Le clash menaçait depuis longtemps. Il a éclaté le 5 mars. Ce jour-là, le Parti démocratique de Côte d’Ivoire (PDCI) décide de bouder les travaux du Conseil des ministres. Ce n’est encore qu’une saute d’humeur, un « débrayage »… Mais quarante-huit heures plus tard, avec le soutien de la plupart des formations participant au gouvernement de réconciliation nationale dirigé par Seydou Elimane Diarra, l’ex-parti au pouvoir suspend bel et bien la participation de ses sept représentants. Le 10 mars, le PDCI et ses alliés de circonstance rappellent leurs ministres « pour consultation » et s’entendent sur le principe d’une grande manifestation, dont la date n’est pas encore arrêtée. Motif de la colère des « pédécistes » : la concession au groupe français Bolloré, pour une durée de quinze ans renouvelable pour dix ans, du terminal à conteneurs de Vridi. Le tout pour 5,5 milliards de F CFA (8,4 millions d’euros) et une promesse d’investissements de 23 milliards de F CFA.
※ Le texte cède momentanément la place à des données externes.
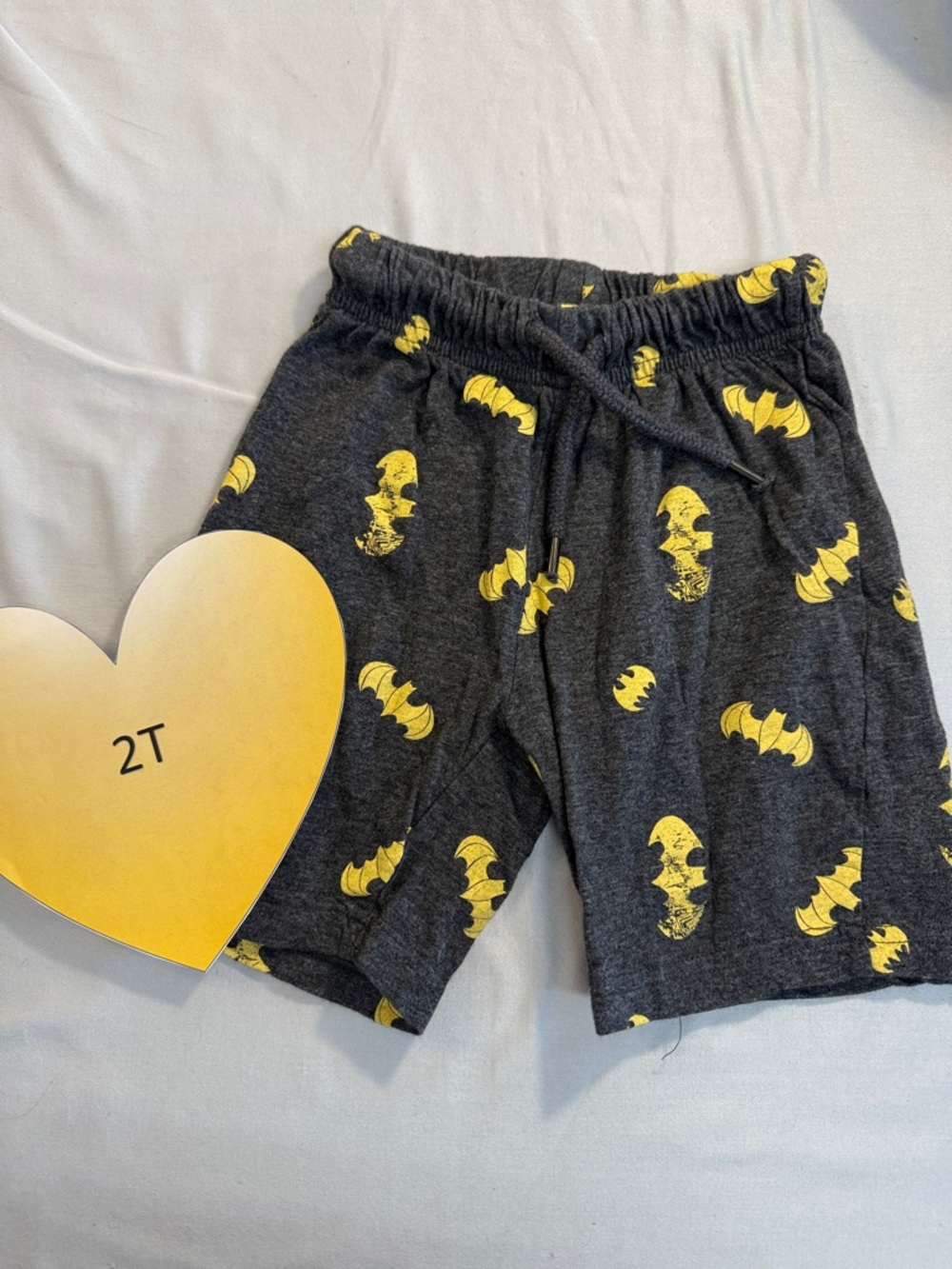 Batman - 2T Kids Batman Graphic Shorts - Grey and Yellow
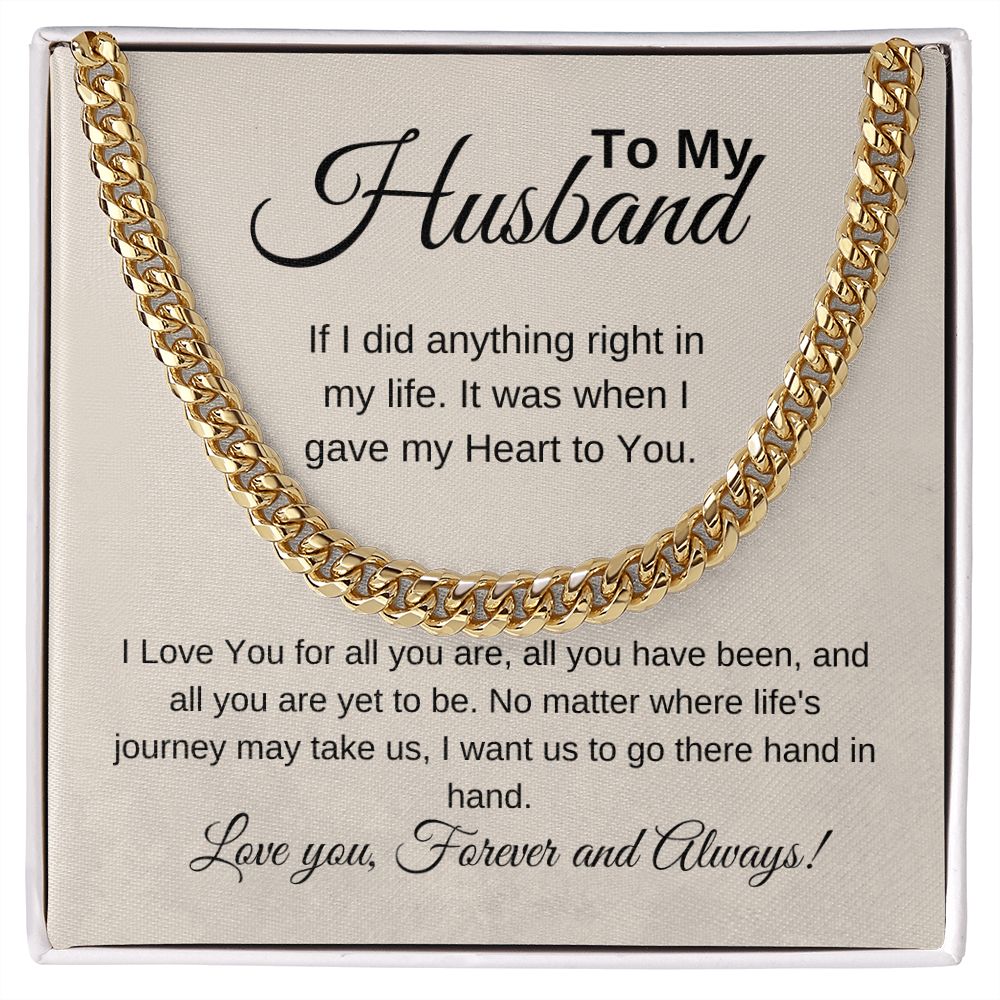 To My Husband "I Love You for all You are" Cuban Chain Necklace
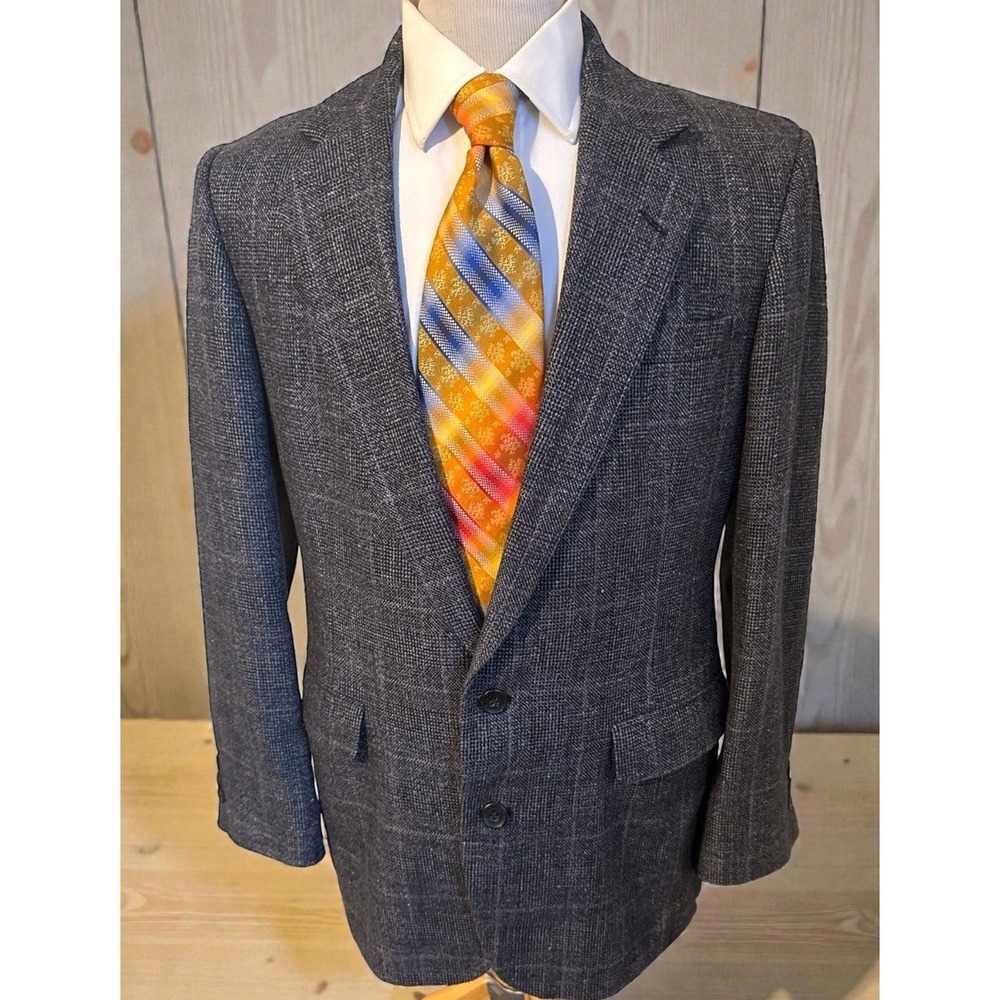 VTG Haggar Imperial Sz 42R Black Gray Plaid Silk Wool Sport Coat Jacket Blazer‎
Tout commence au début de l’année. Le Port autonome d’Abidjan (PAA), dont le patron, Marcel Gossio, est un membre « pur sucre » du Front populaire ivoirien (FPI), la formation du président Gbagbo, annonce que l’entreprise française assurera à partir du 1er mars la gestion et l’exploitation dudit terminal. Problème : l’accord a été conclu de gré à gré avec le ministère de l’Économie et des Finances que dirige Paul-Antoine Bohoun Bouabré, autre fidèle de Gbagbo. Sans appel d’offres et sans le feu vert du département de tutelle, celui des Infrastructures économiques. Patrick Achi, le ministre concerné, est membre du PDCI. « On fait beaucoup d’histoires pour pas grand-chose, commente Aubert Zohoré, le directeur de cabinet de Bohoun Bouabré. Une seule question se pose : l’opération était-elle régulière ? Pour nous, la réponse est oui. La passation de gré à gré est prévue par les textes en cas de situation exceptionnelle. »
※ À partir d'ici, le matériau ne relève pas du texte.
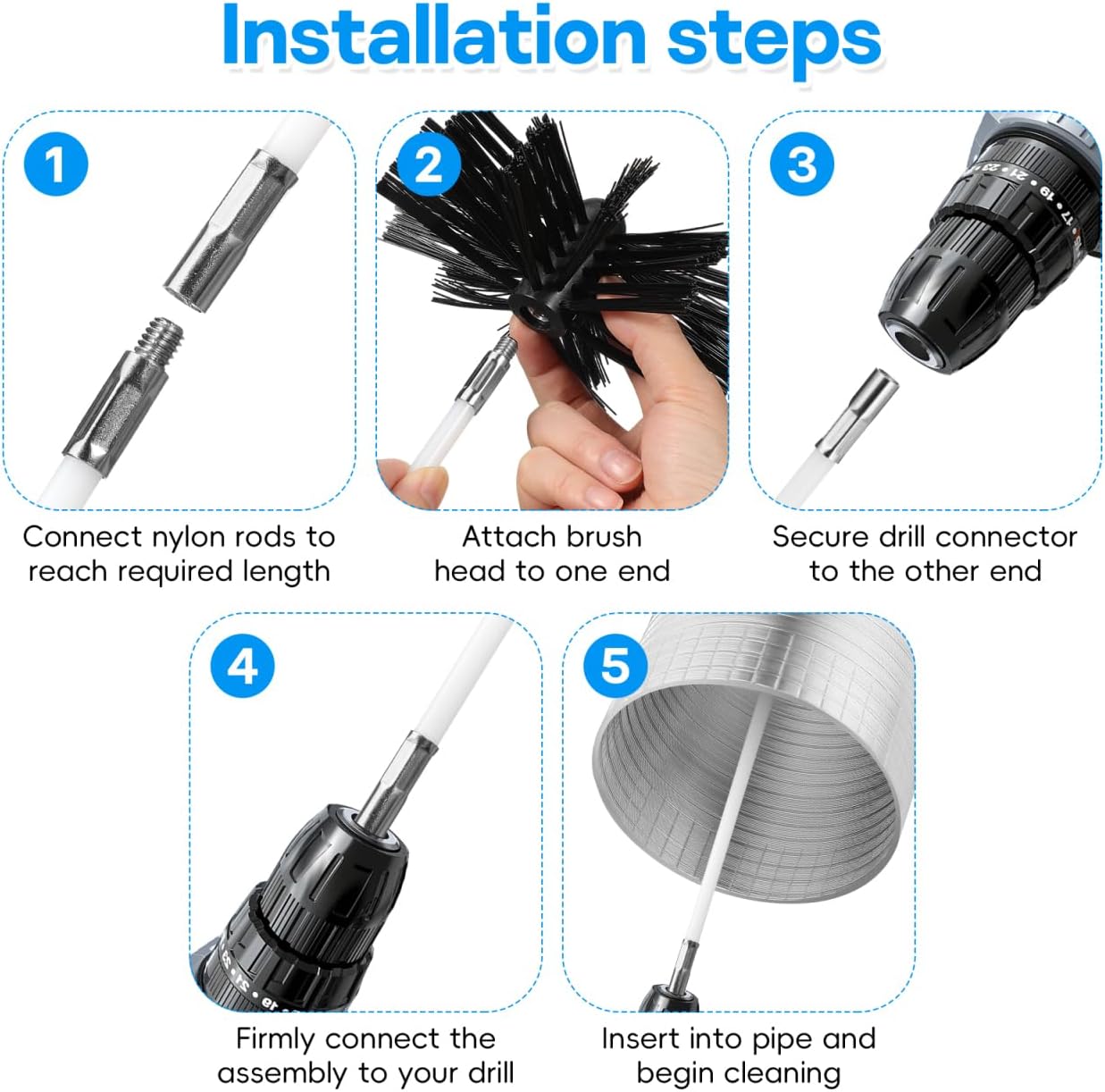 MAGICLULU Chimney Sweep Pro Kit, 30ft Interlocking Rods with 6” Dual Brush Heads, Efficient Dryer Vent and Air Duct Cleaner, Reusable Fireplace Maintenance System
Zohoré fait-il allusion à la crise dont le pays tente de sortir depuis le 19 septembre 2002 ? Ou à l’échec de deux appels d’offres ? Quoi qu’il en soit, son patron confirme ses déclarations : la concession a été attribuée conformément à la loi. « C’est une décision responsable, précise Bohoun Bouabré. Notre devoir est de veiller à ce que le port soit compétitif. » Achi n’en est pas convaincu, loin s’en faut. Des tractations s’engagent. Parasitées par des arrière-pensées politiques et des querelles de compétences, elles échouent. Le désaccord entre les deux ministres d’État est désormais public. De guerre lasse, Achi se résout à monter au créneau.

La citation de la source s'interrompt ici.